Sense-and-respond is the alternative model to the one that dominates the status quo: predict-and-control (see: "What is predict-and-control?"). Essentially the idea is that we can absorb a range of data (qualitative and quantitative) and then react accordingly. This theory is grounded in accepting that we can’t plan too far ahead or expect to control the future; so the best we can hope for is to guide our way forward by trying something, observing the reaction and then trying something else. To use a common example, we play chess with sense-and-respond; we couldn't play it with predict-and-control.
Sense-and-respond at an organisational level involves setting up an open and honest two-way conversation between an organisation and the stakeholders it serves. It requires both leaders and employees to listen authentically to the marketplace and to react with integrity and speed.
Sense-and-respond became the answer to widespread challenges in the technology industry where software teams had to cope with constantly changing requirements on the products they were developing. To be successful they had to constantly seek out feedback on their product and then react to that feedback quickly. Teams started to recognise that they didn’t know how their market would use the products they were building until they interacted with them. Unlike products of the industrialised era, software was a constantly changing entity that did not come to life when it was ready for market but when the market became part of the creation process.

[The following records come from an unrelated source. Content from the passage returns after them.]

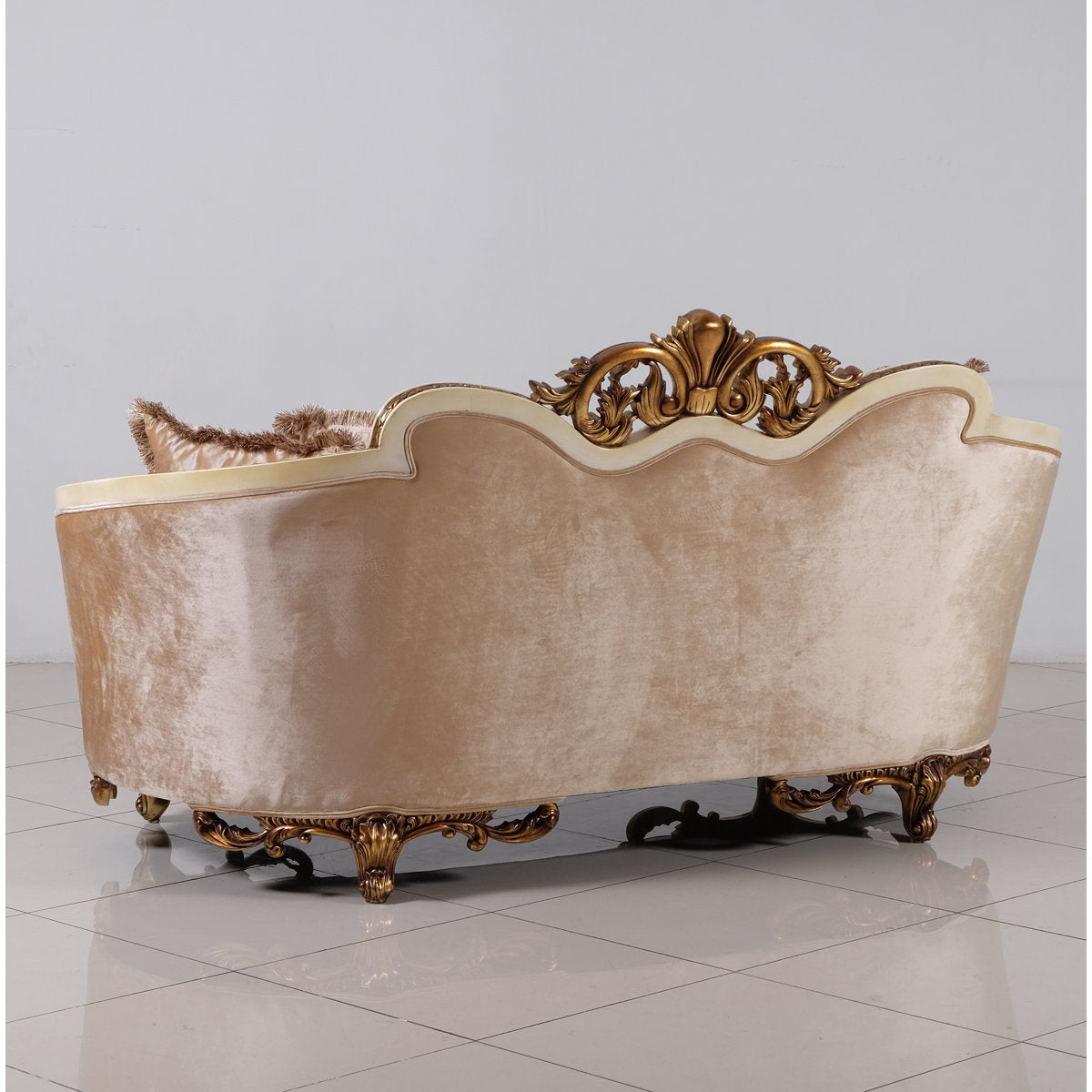 Rosabella Loveseat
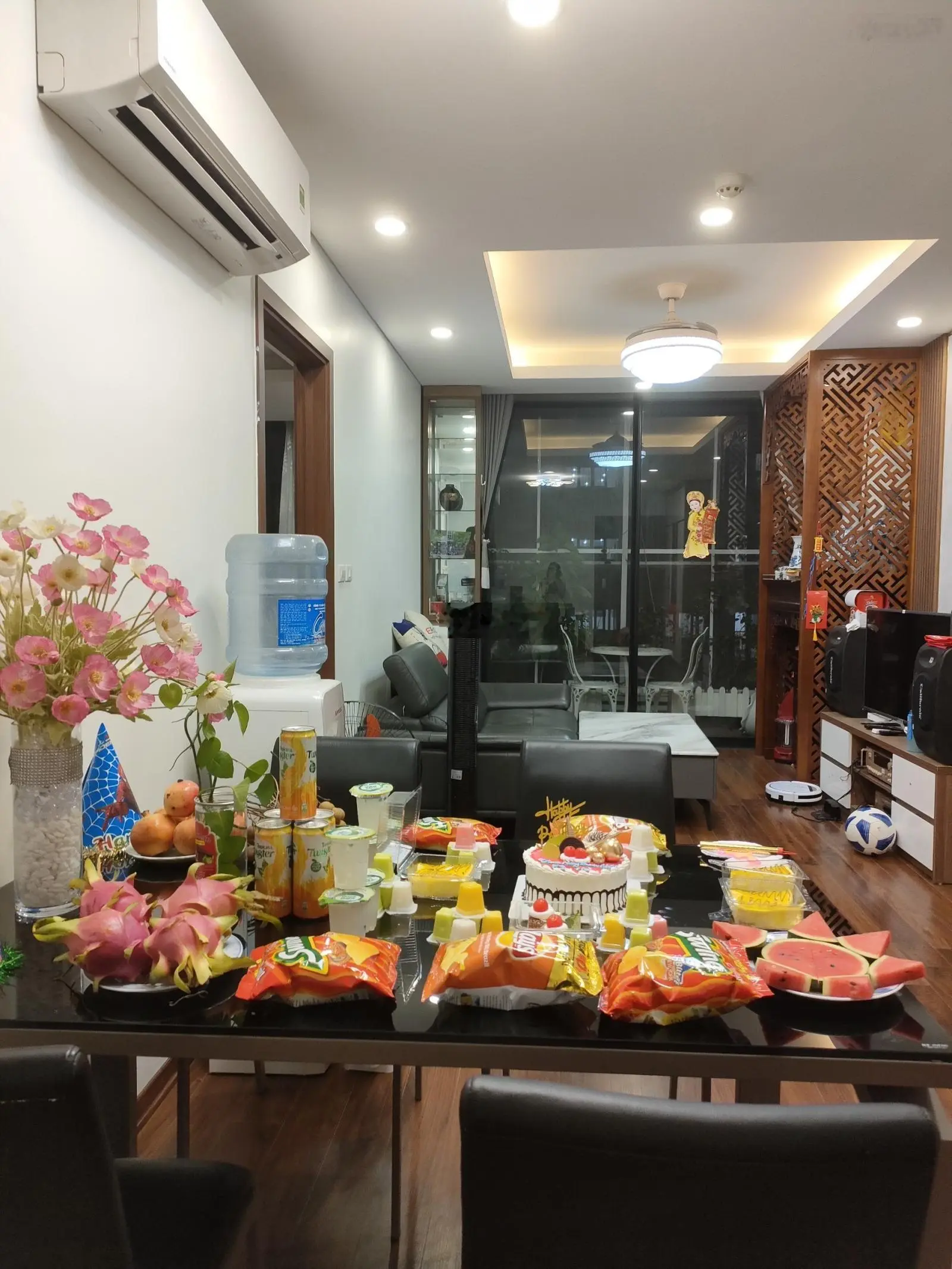 BÁN GẤP! Bán căn hộ 3PN 95m2 tại Khu Ngoại Giao Đoàn chỉ 6,85 tỷ VND - sổ đỏ sẵn sàng - tầng cao .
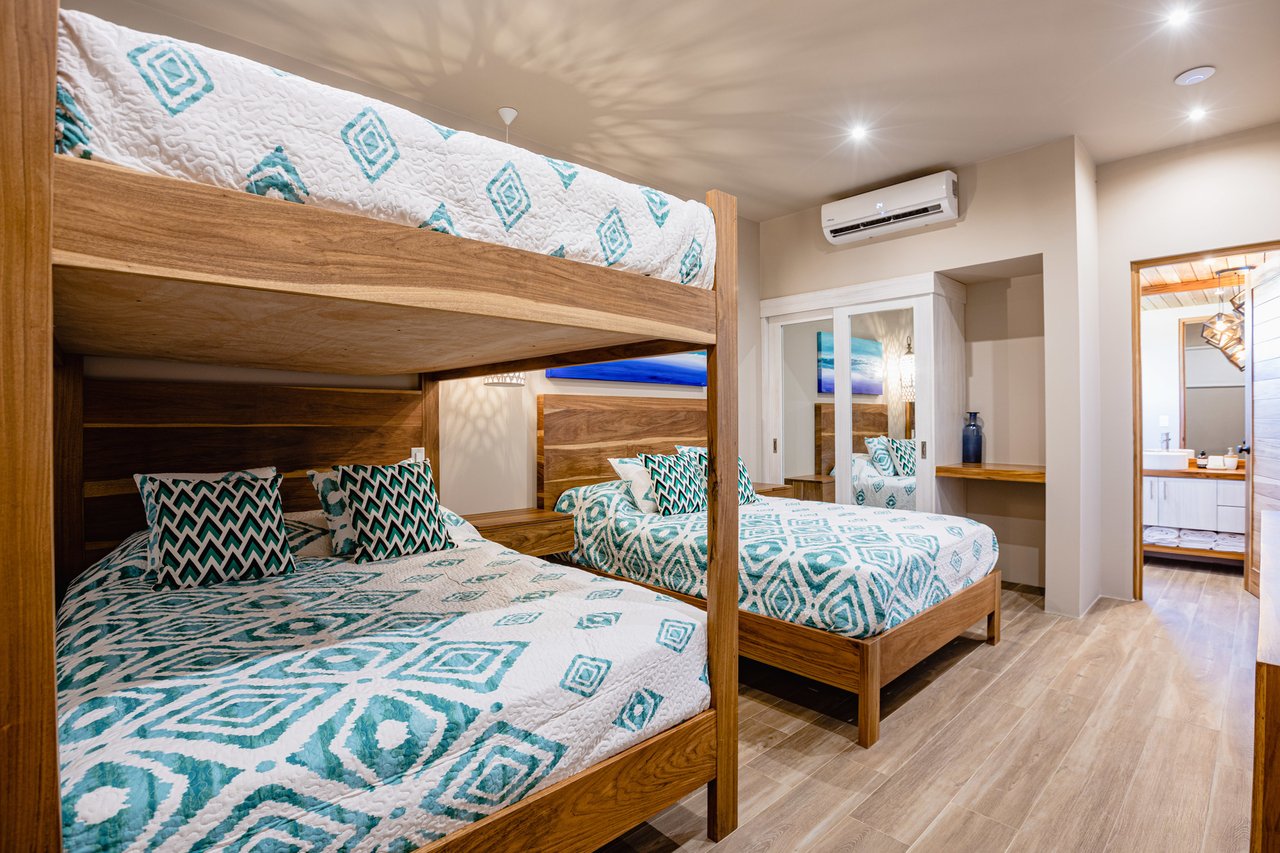 Luxury Villa Near the Beach, Hacienda Pinilla, Guanacaste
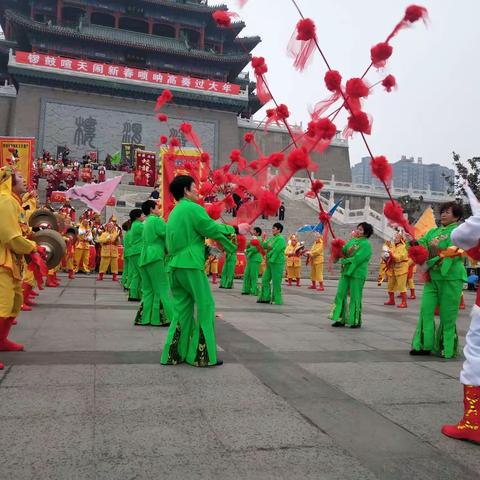 锣鼓喧天闹新春  唢呐高奏过大年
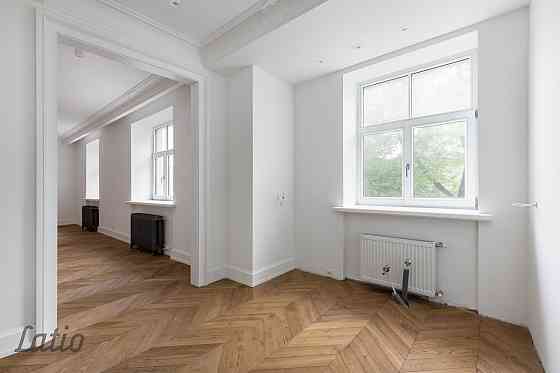 Pārdod gaišu un plašu dzīvokli tikko pēc pilnīgas rekonstrukcijas pilsētas centrā kvartālā Berga Baz Rīga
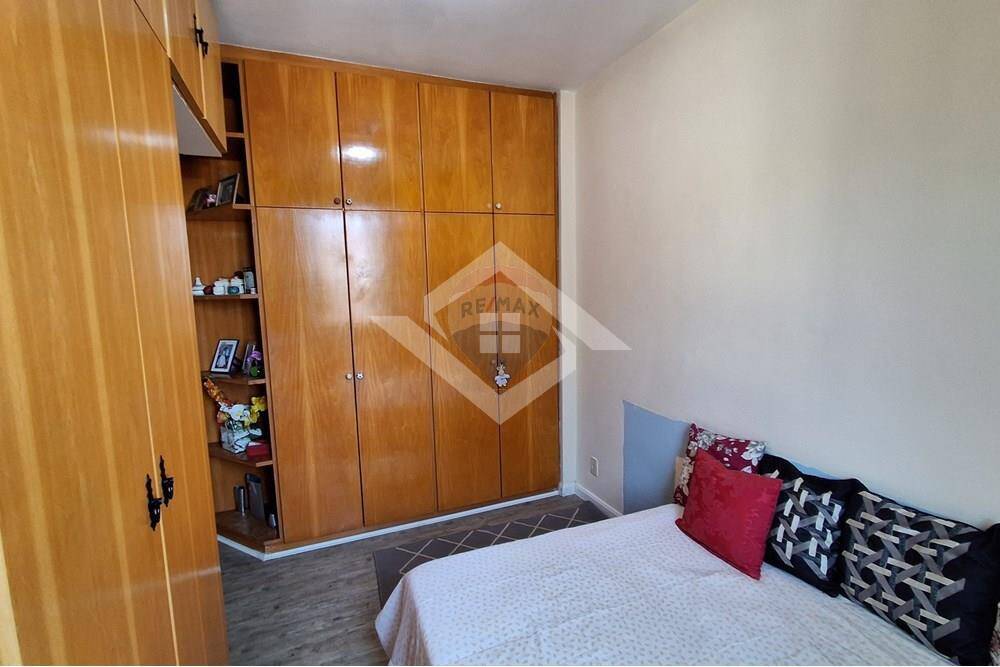 Apartamento para alugar com 2 quartos, 68m² - Foto 13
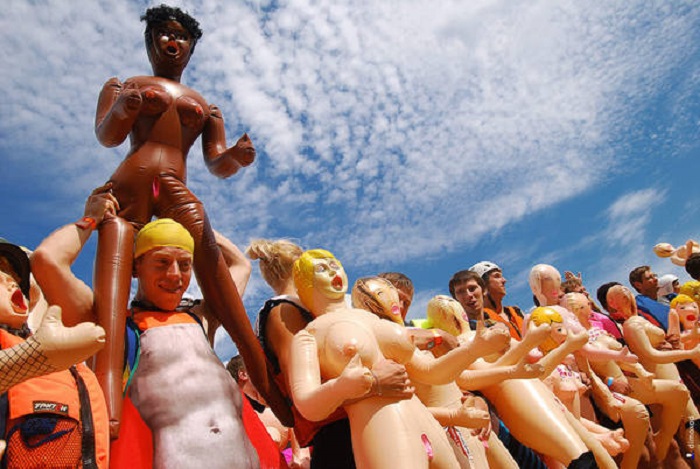 bambole-gonfiabili-ansa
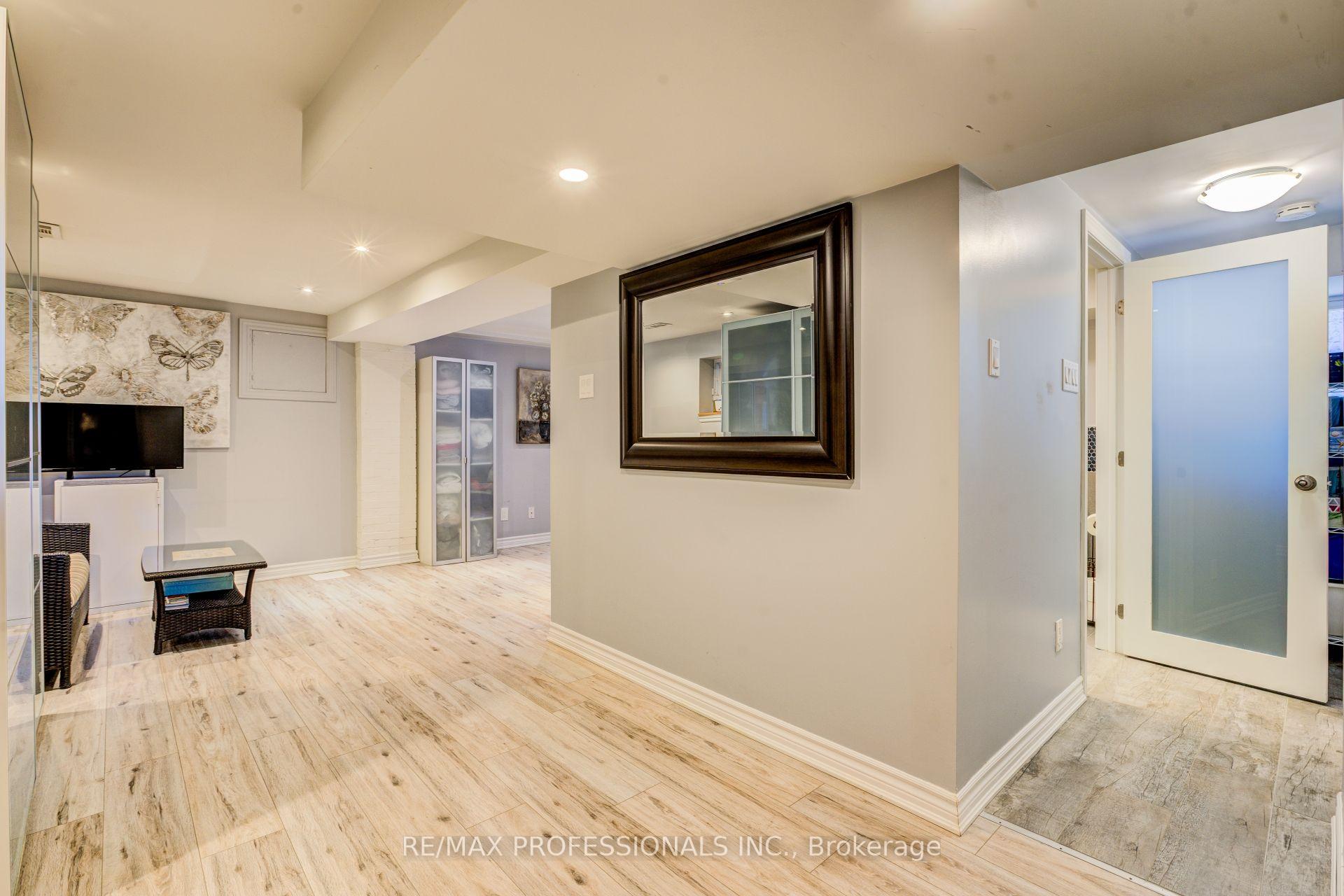 Photo 28 of 39 Rosemeade Avenue, Etobicoke, Stonegate-Queensway — HOMEH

Sense-and-respond isn’t new, it is how people have self-organised for millennia across their personal, familial and communal lives. But as organisations over the past 125 years increasingly adopted predict-and-control as the default mental model (see: “What are mental models?”), so too did they sideline alternative approaches; effectively positioning such ideas in opposition to accepted business wisdom.
However, in a highly complex, rapidly changing environment (see: “What is the difference between a complicated and complex environment?”) the tables are turned: the predict-and-control approach is all but obsolete and sense-and-respond is king. Its emergence within the technology industry is partly due to their relative lack of organisational baggage and the potential to build an industry from scratch. But it is no longer just the domain of software developers - it is an essential strategic and operational philosophy regardless of industry or organisational size.
In his 2017 book, Sense and Respond, Jeff Gothelf explores how the below tools and practises key to sense-and-respond orientated software teams are now valuable to any team anywhere doing anything:
- Structure your workforce around small autonomous teams.
- Enable teams and the individuals within them to access feedback on their work directly from the market.
- Supporting real-time responses to that feedback where teams can independently trial changes prompted by the market to receive further feedback and ultimately improve the product.
- Invite the market into the development of a product as early as possible so that issues can be highlighted and acted on quickly.
“Responding to consumer feedback is no longer optional.”